Même son de cloche du côté du PS. Dans un article du Monde.fr d'aujourd'hui, le porte-parole du PS, Benoît Hamon, a, pour sa part, déclaré sur RTL : "On ne peut pas sortir du nucléaire du jour au lendemain". Selon lui, "nous nous devons d'avoir d'ici trente ans un mix énergétique fondé sur la sobriété et les renouvelables, dans lequel la part du nucléaire a vocation à diminuer". Si c'est pas du pragmatisme, ça aussi ...


C’est vrai que si on s’y était engagé avant, on n’en serait pas là aujourd’hui. Mais il n’est pas trop tard. Des scénarios alternatifs existent : ici ou ...
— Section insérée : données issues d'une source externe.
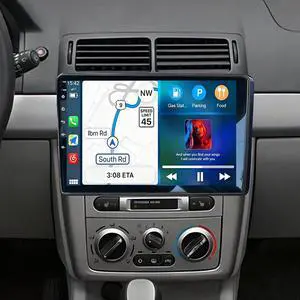 10.1" Touschscreen Car Radio for Chevy Cobalt 2007-2010 with Wireless CarPlay and Android Auto, 2G+32G Android 14 Double Din Car Stereo Head Unit Support GPS Bluetooth Mirror Link WiFi FM SWC Camera 10.1" Touschscreen Car Radio for Chevy Cobalt 2007-2010 with Wireless CarPlay and Android Auto, 2G+32G Android 14 Double Din Car Stereo Head Unit Support GPS Bluetooth Mirror Link WiFi FM SWC Camera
Et il est profondément malhonnête de la part des pro-nucléaires et des « pragmatiques » de tous poils, d’avancer cet argument du genre « on ne peut pas le faire du jour au lendemain » alors que, en France par exemple, les premières manifestations contre l’énergie nucléaire ont eu lieu en 1971 et que la technologie des énergies douces et renouvelables a fait ses preuves depuis longtemps.


Qu’on se rassure, pour les énergies renouvelables, ce serait plutôt « on ne peut pas le faire du jour au surlendemain », car « rangez les éoliennes ! Au placard l'énergie solaire ! Oubliées nos bonnes résolutions en termes d'émissions de CO2. Nous sommes sauvés : voici le gaz de schiste... » ironisait Laurent Carpentier dans un article du Monde.fr en janvier dernier. Et d’ajouter « En France, Jean-Louis Borloo, pourtant déclaré champion des énergies renouvelables, a signé en mars 2010 trois arrêtés autorisant leur recherche sur de vastes territoires qui s'étendent du Larzac à la Drôme en passant par les Cévennes et l'Ardèche... Et mis ainsi le feu aux poudres. Sur les Causses où la résistance s'organise, on se demande encore ce qui leur a pris de choisir ces hauts-lieux de révolte et de combat pour lancer l'exploration. Par naïveté ou par calcul ? ».


Il ne s’agit pas dans ces lignes de récupération politique d’un drame qui se déroule au Japon mais d’une réponse à celles et ceux du monde politique pour lesquels ce débat nucléaire/énergies renouvelables n'est pas aujourd'hui à l'ordre du jour, pour cause de "priorité" comme le dit Madame la Ministre où par "décence" comme le dit le PS, par la voix de Najat Belkacem. Certes. Mais ce type de réaction brandissant l’urgence comme priorité est aussi un grand classique en politique quand on ne veut jamais aborder les questions de fond.